§ **Material shown**

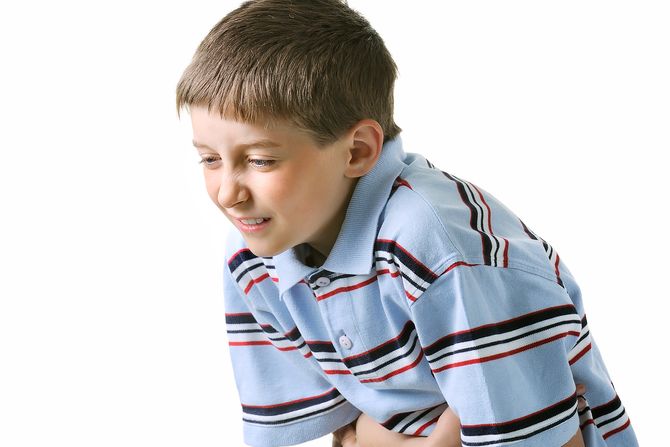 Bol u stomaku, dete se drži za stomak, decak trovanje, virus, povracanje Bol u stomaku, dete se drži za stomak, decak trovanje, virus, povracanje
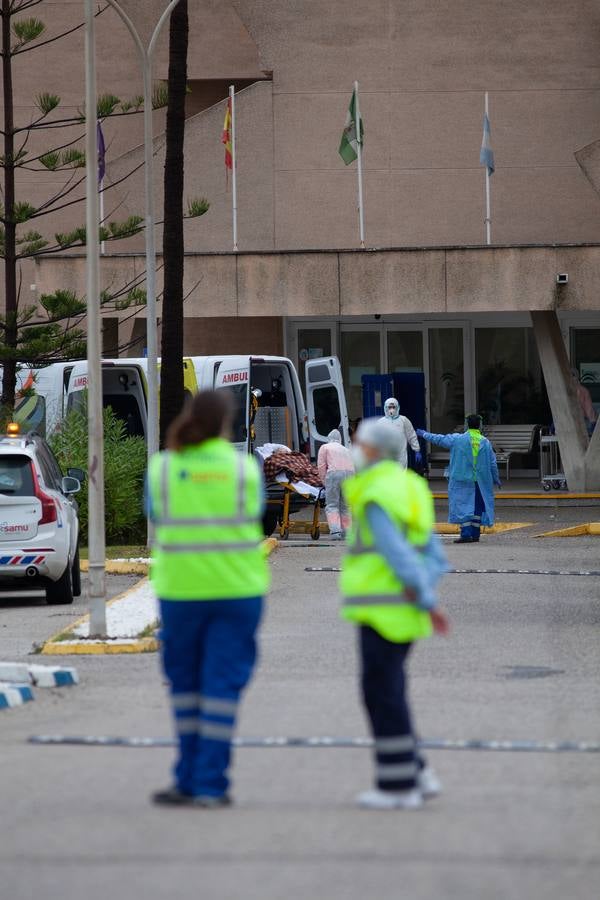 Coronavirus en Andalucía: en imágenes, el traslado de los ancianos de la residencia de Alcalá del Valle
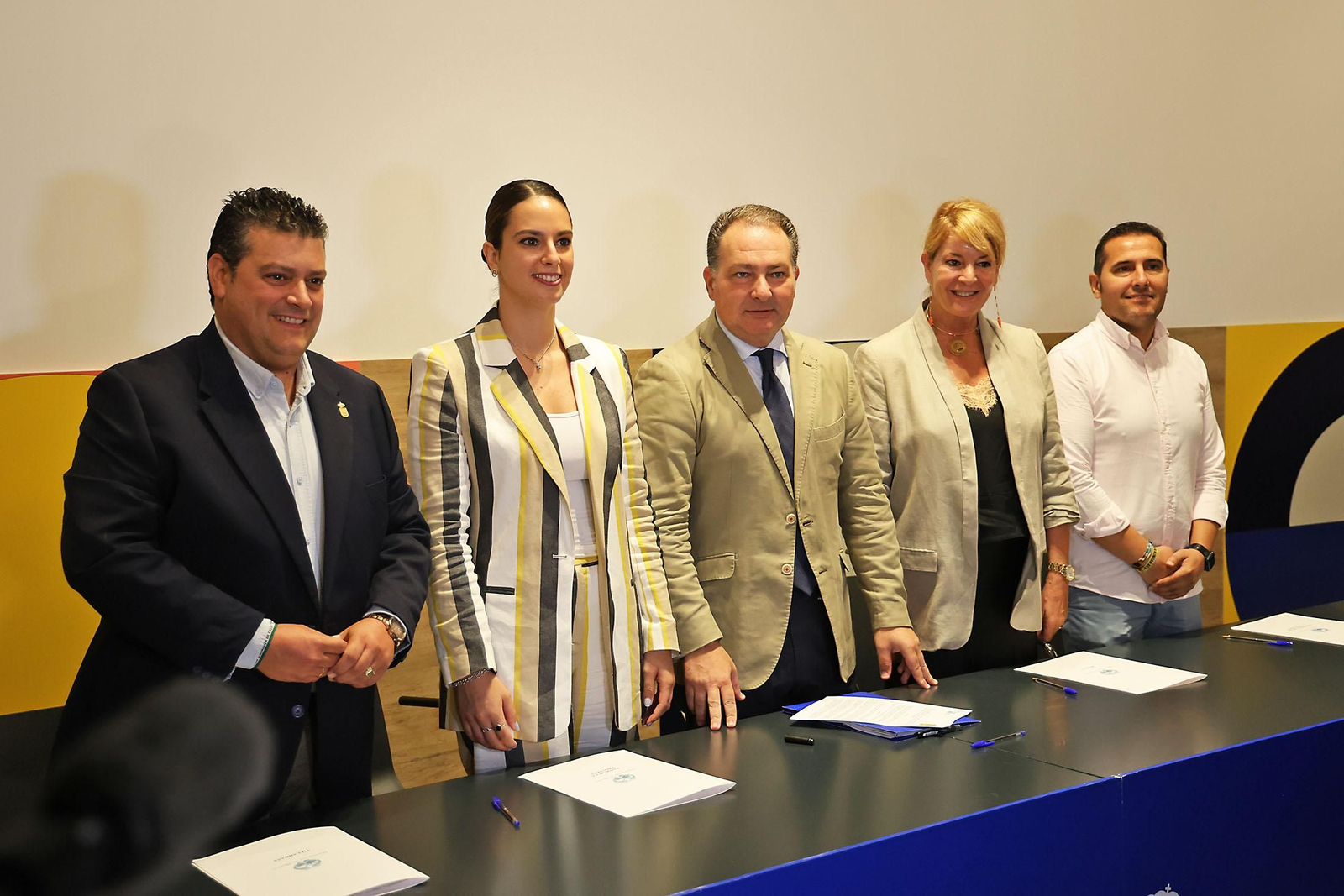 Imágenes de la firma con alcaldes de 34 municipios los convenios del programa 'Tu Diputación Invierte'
---
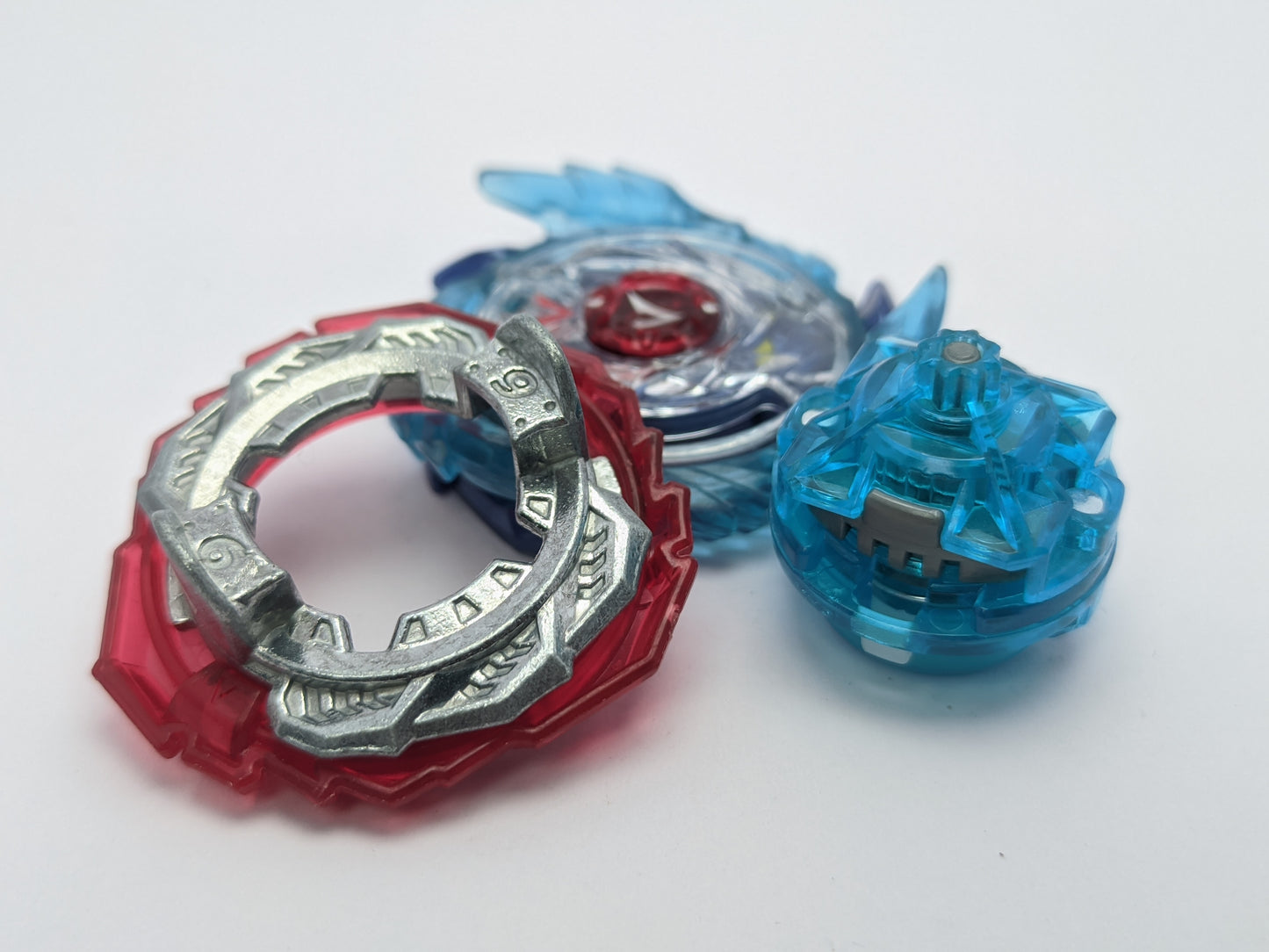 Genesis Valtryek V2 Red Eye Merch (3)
---
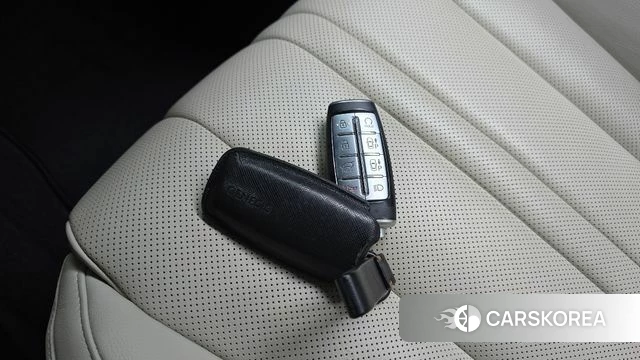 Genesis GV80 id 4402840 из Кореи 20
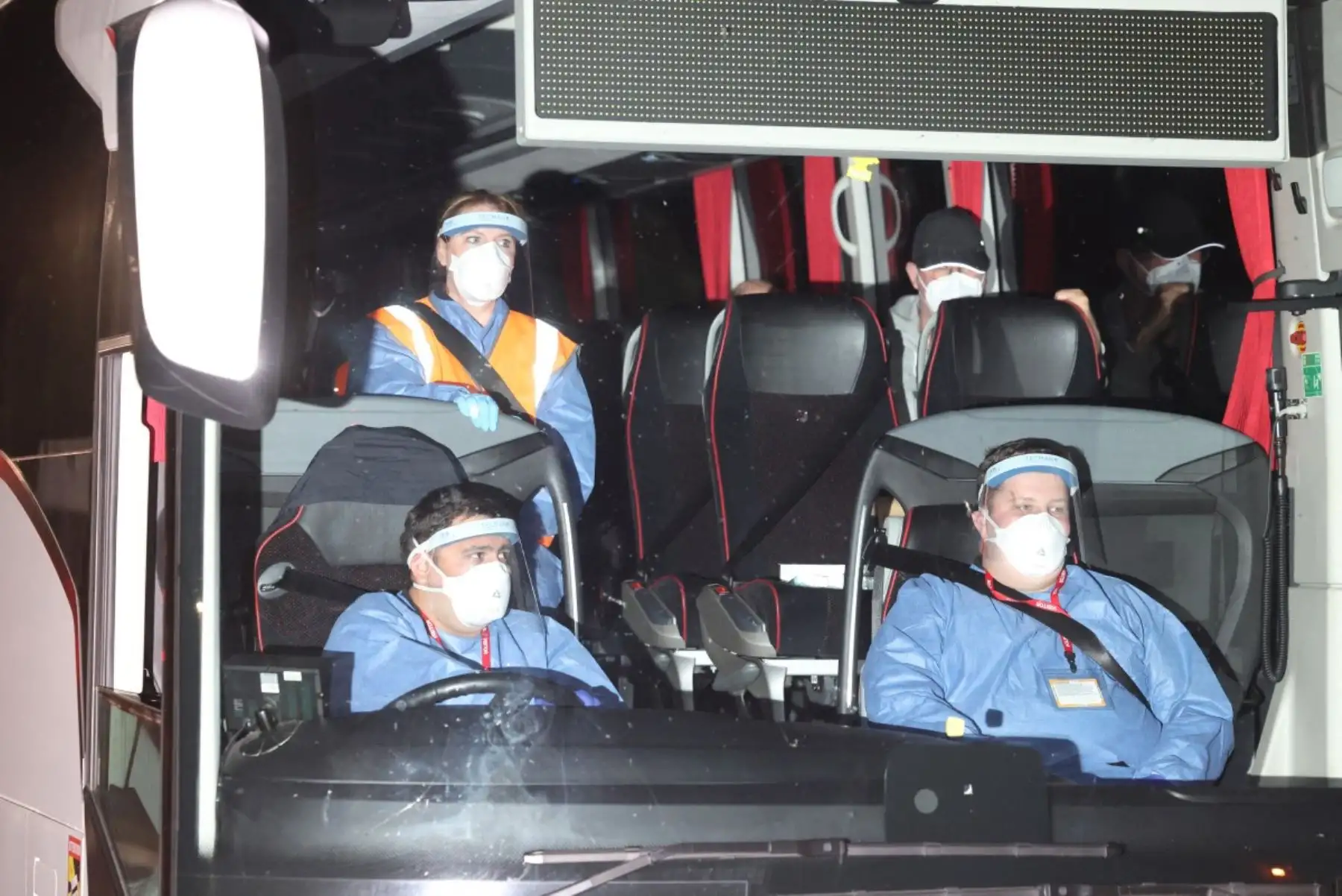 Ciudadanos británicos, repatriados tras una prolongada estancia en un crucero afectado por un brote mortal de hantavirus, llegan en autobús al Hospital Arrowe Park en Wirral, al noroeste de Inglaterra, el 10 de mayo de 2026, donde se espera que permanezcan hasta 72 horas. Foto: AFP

§ **Work request**
The answer is the lines of the material above, from the one containing "virus, povracanje Bol" down to the one containing "Imágenes de la", given exactly and without images.

§ **Result for this exercise**
 Bol u stomaku, dete se drži za stomak, decak trovanje, virus, povracanje Bol u stomaku, dete se drži za stomak, decak trovanje, virus, povracanje
 Coronavirus en Andalucía: en imágenes, el traslado de los ancianos de la residencia de Alcalá del Valle
 Imágenes de la firma con alcaldes de 34 municipios los convenios del programa 'Tu Diputación Invierte'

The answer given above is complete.